Many years ago I had an interaction with an (it seemed to me) extremely bitter former Christian who had joined the military. He claimed that the military was better than Christianity because once you were in, they didn’t turn on their own. I countered that the organizations that are allowed to exclude people, for whatever reason, were bound to have a greater sense of community for those who make the cut.

I thought about that exchange a couple of times when watching The Inspection, a film that works far better than it has any business doing precisely because it refuses to paint any one point of view as being devoid of some merit or without some contradictions.

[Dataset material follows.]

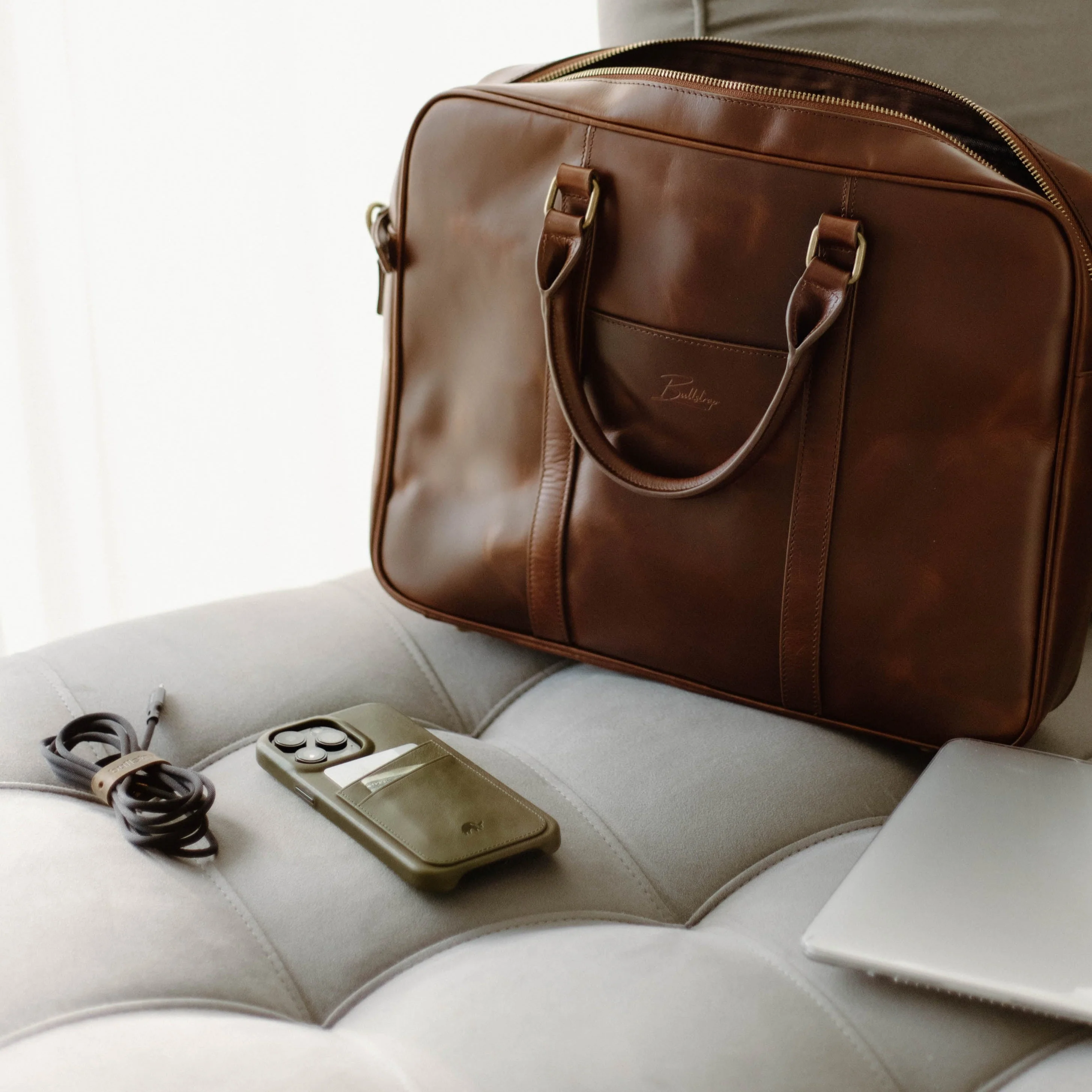 LAST CHANCE The Minimalist Portfolio Case - MAVERICK - Image 15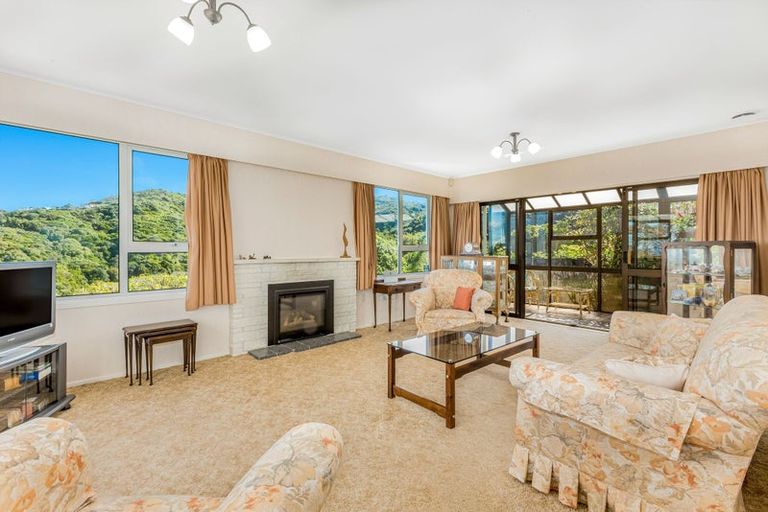 Photo of property in 22 Bushey Way, Maungaraki, Lower Hutt, 5010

The scenario — homeless, gay, Black dude joins the marines and gets outed during boot camp — feels like bits and pieces of other narratives. Certainly, we’ve seen the boot camp bullying in Full Metal Jacket and An Officer and a Gentleman to name only two. But The Inspection smartly takes a broader view. We get just enough of Ellis’s (Jeremy Pope) pre-enrollment life to make us believe this is a hail-mary attempt to avoid poverty, rejection, and an early grave. But we also get the boot camp officers questioning one another. They articulate their understanding of what it means to break men down in order to build them up again, and there is ambiguity about whether Ellis’s mistreatment is simple malice towards homosexuality, an attempt to ensure that he can repress parts of himself (just as every other marine is called to do), or some combination of the two.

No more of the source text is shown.